Generally, the mainstay of treatment for primary dysmenorrhoea is symptomatic relief. Most adolescents will respond well to empiric treatment with NSAIDs or hormonal suppression, or both.
Hormonal contraceptives (eg, combined oral contraceptive pill, contraceptive patch, vaginal ring, contraceptive progestin implant, depot medroxyprogesterone acetate injection, and the levonorgestrel-releasing intra-uterine system) may be used to treat primary dysmenorrhoea after discussing the benefit-risk profiles with the patient. The mechanism of action of hormonal methods is likely related to the prevention of endometrial proliferation and/or ovulation, thus decreasing prostaglandin and leukotriene production.

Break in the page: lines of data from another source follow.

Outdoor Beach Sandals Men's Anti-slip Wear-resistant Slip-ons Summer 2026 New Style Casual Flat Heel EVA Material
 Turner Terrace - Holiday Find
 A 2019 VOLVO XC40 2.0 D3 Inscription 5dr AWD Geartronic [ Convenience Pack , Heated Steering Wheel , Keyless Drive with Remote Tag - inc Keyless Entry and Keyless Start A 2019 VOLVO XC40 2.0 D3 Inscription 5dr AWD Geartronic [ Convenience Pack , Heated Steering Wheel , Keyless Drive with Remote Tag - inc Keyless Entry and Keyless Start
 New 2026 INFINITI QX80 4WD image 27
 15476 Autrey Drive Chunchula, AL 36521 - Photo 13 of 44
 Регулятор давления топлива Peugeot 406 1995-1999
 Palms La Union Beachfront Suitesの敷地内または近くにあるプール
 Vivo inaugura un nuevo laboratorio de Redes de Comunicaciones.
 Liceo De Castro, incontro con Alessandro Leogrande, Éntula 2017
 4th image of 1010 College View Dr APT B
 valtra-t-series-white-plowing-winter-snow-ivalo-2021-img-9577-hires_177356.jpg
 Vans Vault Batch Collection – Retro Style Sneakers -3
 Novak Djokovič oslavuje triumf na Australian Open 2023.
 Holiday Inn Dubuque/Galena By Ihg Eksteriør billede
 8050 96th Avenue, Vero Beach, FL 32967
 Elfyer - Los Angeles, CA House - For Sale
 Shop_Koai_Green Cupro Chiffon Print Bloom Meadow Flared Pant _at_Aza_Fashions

However, before suggesting any treatment involving hormonal contraceptives, it is important to consider patients’ fertility wishes. Some may have misconceptions and may worry about the adverse effects of hormone treatment on future fertility. Overcoming patients’ perception on hormone use could be a major challenge in the management of dysmenorrhoea.
For teenagers, parents may not be prepared to consider hormonal contraceptives due to fear of promoting sexual promiscuity or its potential impact on their daughters’ future fertility.
As such, women need reassurance from their treating physicians that hormonal contraceptives are effective and safe alternatives for managing dysmenorrhoea.
Other complementary and alternative therapies that may also have potential benefits include exercise and topical heat therapy. Surgical treatment is generally reserved for certain causes of secondary dysmenorrhoea or for refractory cases.
Primary dysmenorrhoea is highly prevalent and frequently undertreated. Effective treatment is widely available and can improve QoL. It is important to exclude causes of secondary dysmenorrhoea that may impair fertility and cause morbidity in the future.